Your goal: Only one span of the listing below is wanted: the lines from the one with "Counting occurrences in" through the one with "I hope this", reproduced exactly, both ends kept.

Data records:

....

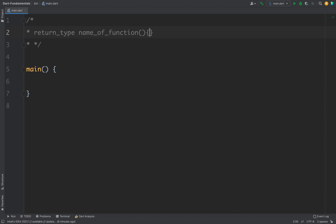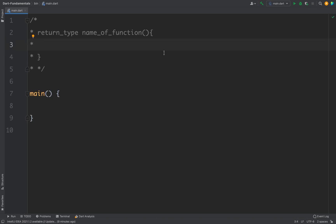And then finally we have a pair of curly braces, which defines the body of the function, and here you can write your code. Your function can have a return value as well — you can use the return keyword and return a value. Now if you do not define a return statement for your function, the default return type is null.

....

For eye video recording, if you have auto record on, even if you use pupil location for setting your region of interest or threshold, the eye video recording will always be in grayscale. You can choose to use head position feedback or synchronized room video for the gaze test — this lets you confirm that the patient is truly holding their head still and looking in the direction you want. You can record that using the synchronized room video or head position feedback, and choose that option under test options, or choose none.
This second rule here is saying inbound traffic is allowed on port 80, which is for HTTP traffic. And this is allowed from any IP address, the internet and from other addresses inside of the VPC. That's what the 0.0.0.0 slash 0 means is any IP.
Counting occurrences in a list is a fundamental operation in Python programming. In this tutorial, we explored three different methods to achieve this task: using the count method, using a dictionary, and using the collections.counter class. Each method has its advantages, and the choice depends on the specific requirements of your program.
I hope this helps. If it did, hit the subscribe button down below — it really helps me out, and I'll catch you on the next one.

....

Answer box:
Counting occurrences in a list is a fundamental operation in Python programming. In this tutorial, we explored three different methods to achieve this task: using the count method, using a dictionary, and using the collections.counter class. Each method has its advantages, and the choice depends on the specific requirements of your program.
I hope this helps. If it did, hit the subscribe button down below — it really helps me out, and I'll catch you on the next one.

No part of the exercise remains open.